# [PROBLEM STATEMENT]
From the entries below, reproduce exactly the line containing "JACKPOT SLOT WILD", the line containing "Manuscript Paper - 30", and every line in between, with nothing added.

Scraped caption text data
----------
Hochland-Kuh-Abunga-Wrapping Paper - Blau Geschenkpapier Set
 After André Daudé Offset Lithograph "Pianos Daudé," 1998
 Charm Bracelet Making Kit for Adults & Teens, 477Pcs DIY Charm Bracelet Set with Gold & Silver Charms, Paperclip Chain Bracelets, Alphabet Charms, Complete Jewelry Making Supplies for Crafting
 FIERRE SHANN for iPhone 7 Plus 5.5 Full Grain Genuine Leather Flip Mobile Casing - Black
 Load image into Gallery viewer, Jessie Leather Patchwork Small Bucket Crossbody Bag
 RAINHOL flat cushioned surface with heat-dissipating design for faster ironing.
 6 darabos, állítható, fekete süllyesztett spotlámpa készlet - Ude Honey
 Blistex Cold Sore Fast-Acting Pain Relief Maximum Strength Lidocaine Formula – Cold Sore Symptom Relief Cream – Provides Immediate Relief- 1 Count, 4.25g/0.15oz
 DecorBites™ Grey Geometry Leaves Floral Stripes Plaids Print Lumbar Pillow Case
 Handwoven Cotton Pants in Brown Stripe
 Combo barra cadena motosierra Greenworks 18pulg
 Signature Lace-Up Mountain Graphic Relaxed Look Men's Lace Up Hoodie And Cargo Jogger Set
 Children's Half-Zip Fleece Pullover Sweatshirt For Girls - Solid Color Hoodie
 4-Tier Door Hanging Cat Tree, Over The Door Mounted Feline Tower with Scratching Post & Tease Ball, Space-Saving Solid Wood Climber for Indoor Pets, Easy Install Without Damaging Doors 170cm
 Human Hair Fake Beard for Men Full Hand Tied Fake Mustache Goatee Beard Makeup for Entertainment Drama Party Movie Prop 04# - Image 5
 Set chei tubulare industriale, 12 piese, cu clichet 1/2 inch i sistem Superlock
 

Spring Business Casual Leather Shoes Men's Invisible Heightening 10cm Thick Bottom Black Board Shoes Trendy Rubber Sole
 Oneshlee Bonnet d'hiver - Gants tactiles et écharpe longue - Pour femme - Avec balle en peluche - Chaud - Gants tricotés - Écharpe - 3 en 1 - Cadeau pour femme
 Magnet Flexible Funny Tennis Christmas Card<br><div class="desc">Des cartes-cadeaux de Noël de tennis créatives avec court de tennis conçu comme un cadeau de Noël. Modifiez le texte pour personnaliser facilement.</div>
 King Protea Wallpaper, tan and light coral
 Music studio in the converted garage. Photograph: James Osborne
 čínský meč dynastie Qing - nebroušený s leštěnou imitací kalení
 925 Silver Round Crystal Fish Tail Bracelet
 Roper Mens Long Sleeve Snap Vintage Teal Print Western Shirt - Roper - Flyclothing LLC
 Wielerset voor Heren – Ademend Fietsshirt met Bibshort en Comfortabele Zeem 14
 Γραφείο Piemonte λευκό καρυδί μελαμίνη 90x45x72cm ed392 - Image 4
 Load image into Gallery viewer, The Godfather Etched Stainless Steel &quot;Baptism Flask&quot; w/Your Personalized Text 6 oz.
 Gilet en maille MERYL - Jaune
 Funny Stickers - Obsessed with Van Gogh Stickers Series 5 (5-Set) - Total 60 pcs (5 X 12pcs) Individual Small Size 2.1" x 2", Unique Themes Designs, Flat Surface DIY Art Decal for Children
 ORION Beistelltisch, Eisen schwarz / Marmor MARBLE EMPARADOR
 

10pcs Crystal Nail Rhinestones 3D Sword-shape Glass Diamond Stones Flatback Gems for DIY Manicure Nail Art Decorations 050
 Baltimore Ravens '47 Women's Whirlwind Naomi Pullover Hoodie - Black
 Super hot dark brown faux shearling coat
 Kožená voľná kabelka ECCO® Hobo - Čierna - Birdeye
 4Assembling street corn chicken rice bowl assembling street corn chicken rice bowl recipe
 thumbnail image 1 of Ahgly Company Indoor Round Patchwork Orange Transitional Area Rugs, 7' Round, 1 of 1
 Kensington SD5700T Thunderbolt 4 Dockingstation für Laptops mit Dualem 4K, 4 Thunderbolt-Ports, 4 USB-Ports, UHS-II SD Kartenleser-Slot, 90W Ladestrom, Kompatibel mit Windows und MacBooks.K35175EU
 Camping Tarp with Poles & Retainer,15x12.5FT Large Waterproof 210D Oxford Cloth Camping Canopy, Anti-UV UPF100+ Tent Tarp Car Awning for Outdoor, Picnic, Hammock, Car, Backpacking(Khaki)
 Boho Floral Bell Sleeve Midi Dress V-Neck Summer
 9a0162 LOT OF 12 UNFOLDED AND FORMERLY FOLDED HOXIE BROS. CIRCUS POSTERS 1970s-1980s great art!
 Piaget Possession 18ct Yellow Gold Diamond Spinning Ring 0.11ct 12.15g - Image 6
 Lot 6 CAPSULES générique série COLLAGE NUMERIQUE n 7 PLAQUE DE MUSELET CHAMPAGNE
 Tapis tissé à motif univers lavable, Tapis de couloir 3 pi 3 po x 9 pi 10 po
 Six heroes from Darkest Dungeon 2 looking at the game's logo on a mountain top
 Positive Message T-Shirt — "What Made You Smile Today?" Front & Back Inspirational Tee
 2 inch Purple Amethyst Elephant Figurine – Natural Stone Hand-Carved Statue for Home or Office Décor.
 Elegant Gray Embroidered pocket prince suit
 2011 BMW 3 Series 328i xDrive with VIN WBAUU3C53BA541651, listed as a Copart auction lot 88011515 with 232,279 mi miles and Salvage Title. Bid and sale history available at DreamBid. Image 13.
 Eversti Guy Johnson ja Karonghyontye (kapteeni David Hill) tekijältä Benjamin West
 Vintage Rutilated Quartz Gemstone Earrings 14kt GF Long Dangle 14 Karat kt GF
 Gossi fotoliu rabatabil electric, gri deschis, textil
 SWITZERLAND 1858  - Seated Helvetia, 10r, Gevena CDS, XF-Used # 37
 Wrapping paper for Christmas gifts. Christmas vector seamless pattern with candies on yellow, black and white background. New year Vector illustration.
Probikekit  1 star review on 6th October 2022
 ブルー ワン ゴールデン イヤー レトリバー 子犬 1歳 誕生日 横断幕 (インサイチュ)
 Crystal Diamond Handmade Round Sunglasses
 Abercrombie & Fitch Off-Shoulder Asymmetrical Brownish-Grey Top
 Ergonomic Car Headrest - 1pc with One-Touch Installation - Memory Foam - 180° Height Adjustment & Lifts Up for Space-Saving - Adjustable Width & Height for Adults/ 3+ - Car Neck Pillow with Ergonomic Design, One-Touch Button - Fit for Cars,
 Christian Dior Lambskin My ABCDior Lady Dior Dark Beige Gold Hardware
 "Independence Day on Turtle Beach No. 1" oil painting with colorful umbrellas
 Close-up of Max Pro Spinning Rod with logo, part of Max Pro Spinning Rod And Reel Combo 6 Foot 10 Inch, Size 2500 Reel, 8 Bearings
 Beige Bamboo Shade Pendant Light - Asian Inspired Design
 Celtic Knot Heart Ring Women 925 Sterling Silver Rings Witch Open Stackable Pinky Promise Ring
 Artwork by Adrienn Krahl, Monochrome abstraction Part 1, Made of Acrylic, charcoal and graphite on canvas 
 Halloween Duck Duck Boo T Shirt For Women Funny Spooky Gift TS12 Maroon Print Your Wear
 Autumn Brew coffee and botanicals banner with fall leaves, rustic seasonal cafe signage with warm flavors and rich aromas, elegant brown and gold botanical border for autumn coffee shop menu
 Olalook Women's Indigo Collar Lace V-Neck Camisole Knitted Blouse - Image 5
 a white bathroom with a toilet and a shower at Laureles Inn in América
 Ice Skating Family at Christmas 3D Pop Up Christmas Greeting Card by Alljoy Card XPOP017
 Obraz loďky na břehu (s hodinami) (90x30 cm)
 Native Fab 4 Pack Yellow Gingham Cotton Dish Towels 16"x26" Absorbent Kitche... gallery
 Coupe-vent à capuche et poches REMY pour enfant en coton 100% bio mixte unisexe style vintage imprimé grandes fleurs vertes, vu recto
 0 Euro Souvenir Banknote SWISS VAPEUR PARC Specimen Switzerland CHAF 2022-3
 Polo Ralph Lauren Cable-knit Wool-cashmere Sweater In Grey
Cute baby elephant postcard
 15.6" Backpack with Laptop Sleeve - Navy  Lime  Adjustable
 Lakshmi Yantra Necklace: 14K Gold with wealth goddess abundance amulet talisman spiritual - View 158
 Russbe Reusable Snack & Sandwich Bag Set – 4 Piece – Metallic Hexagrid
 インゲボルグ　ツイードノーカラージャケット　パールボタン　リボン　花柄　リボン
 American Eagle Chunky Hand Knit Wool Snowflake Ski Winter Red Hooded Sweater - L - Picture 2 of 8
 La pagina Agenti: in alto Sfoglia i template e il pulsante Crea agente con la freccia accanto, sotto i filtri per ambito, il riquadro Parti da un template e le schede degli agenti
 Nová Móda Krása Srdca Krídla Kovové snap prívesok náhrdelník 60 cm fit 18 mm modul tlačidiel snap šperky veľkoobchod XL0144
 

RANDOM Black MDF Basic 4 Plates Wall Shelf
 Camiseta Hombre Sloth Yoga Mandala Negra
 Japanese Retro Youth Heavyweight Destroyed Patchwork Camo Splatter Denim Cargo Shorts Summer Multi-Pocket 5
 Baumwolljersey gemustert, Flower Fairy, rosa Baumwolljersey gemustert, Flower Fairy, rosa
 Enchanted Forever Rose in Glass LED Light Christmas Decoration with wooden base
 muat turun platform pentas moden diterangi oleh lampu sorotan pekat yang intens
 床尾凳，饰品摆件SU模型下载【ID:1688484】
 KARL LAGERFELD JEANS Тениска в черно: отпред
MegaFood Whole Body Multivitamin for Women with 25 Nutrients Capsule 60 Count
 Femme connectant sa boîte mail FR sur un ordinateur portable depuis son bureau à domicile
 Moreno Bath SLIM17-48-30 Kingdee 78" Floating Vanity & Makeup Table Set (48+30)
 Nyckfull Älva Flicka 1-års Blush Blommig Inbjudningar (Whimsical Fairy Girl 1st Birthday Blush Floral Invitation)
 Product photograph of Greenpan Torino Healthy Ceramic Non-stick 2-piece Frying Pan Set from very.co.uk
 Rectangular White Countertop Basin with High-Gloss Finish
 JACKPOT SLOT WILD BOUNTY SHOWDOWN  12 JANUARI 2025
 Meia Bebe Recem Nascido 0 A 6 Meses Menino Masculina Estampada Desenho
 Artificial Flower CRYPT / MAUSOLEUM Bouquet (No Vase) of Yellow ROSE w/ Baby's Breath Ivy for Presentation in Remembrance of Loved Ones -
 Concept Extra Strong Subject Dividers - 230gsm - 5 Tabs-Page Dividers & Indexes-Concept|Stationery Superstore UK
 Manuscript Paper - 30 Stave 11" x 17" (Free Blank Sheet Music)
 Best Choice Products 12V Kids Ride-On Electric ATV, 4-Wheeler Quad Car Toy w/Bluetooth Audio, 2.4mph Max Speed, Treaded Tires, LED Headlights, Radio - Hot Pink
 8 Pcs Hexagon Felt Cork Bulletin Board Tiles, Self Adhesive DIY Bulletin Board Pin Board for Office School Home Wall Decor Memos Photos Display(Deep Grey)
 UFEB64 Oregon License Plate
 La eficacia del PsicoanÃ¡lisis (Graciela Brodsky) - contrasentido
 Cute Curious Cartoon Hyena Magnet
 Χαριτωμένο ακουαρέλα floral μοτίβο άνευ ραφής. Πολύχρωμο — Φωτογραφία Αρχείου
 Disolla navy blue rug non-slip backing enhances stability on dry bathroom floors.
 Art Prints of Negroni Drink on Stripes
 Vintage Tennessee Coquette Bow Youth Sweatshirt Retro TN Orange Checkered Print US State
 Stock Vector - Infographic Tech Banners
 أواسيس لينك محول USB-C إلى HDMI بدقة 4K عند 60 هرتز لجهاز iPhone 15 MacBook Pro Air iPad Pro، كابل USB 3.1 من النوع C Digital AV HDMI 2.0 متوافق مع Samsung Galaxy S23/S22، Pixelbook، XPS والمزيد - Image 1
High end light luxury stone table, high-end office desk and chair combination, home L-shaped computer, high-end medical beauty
----------
# [EXERCISE ANSWER]
 JACKPOT SLOT WILD BOUNTY SHOWDOWN  12 JANUARI 2025
 Meia Bebe Recem Nascido 0 A 6 Meses Menino Masculina Estampada Desenho
 Artificial Flower CRYPT / MAUSOLEUM Bouquet (No Vase) of Yellow ROSE w/ Baby's Breath Ivy for Presentation in Remembrance of Loved Ones -
 Concept Extra Strong Subject Dividers - 230gsm - 5 Tabs-Page Dividers & Indexes-Concept|Stationery Superstore UK
 Manuscript Paper - 30 Stave 11" x 17" (Free Blank Sheet Music)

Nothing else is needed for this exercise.